(Web page caption snippets)
* * * * *

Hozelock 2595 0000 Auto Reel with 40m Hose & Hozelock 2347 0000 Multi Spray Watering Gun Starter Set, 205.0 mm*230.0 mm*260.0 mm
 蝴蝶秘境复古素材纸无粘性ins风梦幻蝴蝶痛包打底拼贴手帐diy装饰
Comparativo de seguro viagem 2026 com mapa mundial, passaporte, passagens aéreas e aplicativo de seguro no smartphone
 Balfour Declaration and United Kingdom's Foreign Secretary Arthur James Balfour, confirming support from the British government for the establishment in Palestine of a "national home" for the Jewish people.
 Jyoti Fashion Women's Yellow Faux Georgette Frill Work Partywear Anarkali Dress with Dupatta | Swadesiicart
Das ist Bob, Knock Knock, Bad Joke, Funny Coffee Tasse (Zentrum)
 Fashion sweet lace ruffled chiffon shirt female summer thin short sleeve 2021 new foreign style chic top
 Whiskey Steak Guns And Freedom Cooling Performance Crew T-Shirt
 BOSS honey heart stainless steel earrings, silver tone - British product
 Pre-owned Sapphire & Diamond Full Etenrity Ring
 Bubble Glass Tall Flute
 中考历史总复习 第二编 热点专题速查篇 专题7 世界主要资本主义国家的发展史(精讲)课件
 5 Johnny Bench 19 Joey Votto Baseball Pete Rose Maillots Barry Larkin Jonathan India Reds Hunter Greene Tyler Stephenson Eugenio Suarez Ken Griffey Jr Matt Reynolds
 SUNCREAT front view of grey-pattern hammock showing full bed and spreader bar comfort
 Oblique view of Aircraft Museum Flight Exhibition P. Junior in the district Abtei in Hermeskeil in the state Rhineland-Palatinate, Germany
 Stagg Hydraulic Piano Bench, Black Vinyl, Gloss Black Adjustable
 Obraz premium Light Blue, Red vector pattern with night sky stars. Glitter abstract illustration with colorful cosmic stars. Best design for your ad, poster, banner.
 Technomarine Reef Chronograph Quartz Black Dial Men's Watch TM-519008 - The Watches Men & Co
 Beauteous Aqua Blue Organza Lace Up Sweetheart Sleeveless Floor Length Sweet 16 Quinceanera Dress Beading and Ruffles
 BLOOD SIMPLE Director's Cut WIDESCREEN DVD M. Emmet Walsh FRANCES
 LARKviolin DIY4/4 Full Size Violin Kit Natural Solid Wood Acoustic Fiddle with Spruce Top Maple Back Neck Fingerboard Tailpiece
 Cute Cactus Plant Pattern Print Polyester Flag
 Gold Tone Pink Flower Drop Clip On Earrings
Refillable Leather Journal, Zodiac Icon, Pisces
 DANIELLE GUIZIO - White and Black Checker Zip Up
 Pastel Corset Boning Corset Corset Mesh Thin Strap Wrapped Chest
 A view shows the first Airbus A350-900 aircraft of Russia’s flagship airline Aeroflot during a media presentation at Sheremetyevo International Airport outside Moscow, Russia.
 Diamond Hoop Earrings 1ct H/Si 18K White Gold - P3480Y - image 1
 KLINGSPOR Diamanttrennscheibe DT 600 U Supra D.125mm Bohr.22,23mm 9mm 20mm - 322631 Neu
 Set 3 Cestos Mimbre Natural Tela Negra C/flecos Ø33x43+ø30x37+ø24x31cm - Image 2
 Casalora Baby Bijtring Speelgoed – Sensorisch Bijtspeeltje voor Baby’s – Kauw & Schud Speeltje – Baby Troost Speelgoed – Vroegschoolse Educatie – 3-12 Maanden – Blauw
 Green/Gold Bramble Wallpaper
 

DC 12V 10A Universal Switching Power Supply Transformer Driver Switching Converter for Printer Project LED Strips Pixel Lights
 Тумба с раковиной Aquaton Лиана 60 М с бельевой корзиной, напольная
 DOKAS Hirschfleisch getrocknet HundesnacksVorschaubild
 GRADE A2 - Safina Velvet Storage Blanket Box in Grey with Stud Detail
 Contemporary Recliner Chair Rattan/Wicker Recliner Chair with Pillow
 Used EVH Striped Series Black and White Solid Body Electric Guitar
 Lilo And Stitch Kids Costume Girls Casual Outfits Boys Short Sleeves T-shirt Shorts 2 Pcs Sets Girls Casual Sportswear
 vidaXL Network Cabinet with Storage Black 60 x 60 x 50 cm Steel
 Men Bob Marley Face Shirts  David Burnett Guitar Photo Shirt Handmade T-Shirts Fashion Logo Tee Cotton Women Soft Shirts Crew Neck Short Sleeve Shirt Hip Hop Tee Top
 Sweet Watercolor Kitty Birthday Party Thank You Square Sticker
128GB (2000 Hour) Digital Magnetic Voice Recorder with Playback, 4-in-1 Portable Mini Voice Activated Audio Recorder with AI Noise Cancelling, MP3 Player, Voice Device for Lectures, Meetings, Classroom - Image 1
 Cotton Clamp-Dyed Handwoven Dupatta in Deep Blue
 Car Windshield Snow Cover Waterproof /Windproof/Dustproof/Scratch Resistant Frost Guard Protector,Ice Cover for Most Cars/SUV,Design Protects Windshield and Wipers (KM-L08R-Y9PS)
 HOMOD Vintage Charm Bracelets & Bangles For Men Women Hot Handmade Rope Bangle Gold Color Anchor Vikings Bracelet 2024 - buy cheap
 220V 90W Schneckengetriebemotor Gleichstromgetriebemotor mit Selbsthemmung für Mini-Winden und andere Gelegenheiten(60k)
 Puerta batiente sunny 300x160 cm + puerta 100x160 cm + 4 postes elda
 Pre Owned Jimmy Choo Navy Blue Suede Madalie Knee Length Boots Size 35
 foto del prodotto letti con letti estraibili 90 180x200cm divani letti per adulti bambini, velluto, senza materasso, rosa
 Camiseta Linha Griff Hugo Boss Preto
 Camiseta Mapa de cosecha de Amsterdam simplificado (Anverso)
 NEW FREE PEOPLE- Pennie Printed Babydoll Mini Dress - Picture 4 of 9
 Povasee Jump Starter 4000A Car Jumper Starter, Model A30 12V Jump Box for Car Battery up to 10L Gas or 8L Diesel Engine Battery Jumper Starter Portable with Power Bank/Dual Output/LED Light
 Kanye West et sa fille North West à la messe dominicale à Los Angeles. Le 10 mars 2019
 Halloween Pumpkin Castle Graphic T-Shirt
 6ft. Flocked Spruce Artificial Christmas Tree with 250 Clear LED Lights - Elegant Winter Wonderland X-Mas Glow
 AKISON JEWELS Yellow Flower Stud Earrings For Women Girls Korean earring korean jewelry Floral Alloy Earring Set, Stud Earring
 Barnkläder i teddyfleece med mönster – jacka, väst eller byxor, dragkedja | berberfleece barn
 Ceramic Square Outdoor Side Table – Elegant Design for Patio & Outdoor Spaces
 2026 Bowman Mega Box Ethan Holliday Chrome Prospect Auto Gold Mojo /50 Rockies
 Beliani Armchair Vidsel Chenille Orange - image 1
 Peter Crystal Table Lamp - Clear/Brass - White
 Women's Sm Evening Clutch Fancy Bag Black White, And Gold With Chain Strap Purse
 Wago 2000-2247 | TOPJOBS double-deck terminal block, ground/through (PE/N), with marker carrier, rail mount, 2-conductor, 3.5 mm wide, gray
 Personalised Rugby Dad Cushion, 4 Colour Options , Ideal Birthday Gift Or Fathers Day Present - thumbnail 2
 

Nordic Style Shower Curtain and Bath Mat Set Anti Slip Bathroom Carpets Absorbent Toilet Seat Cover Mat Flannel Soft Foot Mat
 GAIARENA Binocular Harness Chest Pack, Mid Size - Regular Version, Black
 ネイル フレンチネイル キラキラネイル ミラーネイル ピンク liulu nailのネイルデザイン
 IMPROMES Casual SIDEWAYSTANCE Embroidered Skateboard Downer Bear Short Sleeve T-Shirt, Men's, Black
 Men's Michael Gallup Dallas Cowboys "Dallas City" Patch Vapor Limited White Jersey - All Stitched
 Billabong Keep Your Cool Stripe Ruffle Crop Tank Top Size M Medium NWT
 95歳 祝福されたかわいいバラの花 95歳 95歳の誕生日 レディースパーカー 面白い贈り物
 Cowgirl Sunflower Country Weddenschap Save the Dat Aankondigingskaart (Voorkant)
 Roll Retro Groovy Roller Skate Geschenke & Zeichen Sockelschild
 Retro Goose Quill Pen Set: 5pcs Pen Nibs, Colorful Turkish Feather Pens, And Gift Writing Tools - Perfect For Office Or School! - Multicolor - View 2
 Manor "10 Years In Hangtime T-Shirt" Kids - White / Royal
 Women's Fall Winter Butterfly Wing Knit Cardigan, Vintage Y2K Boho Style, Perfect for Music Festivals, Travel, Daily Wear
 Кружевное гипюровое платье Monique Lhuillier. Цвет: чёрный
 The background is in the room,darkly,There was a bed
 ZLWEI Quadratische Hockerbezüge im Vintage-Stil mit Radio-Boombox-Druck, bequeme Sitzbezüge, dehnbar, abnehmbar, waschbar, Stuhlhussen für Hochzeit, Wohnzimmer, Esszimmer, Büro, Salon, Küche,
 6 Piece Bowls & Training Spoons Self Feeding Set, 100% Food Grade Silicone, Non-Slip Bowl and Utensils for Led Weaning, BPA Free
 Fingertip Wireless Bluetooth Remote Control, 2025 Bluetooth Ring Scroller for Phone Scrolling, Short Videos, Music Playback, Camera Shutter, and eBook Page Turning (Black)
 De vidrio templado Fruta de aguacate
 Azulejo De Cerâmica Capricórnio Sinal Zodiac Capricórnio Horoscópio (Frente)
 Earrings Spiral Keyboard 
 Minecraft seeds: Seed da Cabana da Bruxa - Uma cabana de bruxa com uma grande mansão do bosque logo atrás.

* * * * *

Problem to work on » Please give an exact copy of the lines above, beginning with the line containing "95歳 祝福されたかわいいバラの花 95歳" and running through the line containing "Roll Retro Groovy", and of no other lines.

Exercise result »
 95歳 祝福されたかわいいバラの花 95歳 95歳の誕生日 レディースパーカー 面白い贈り物
 Cowgirl Sunflower Country Weddenschap Save the Dat Aankondigingskaart (Voorkant)
 Roll Retro Groovy Roller Skate Geschenke & Zeichen Sockelschild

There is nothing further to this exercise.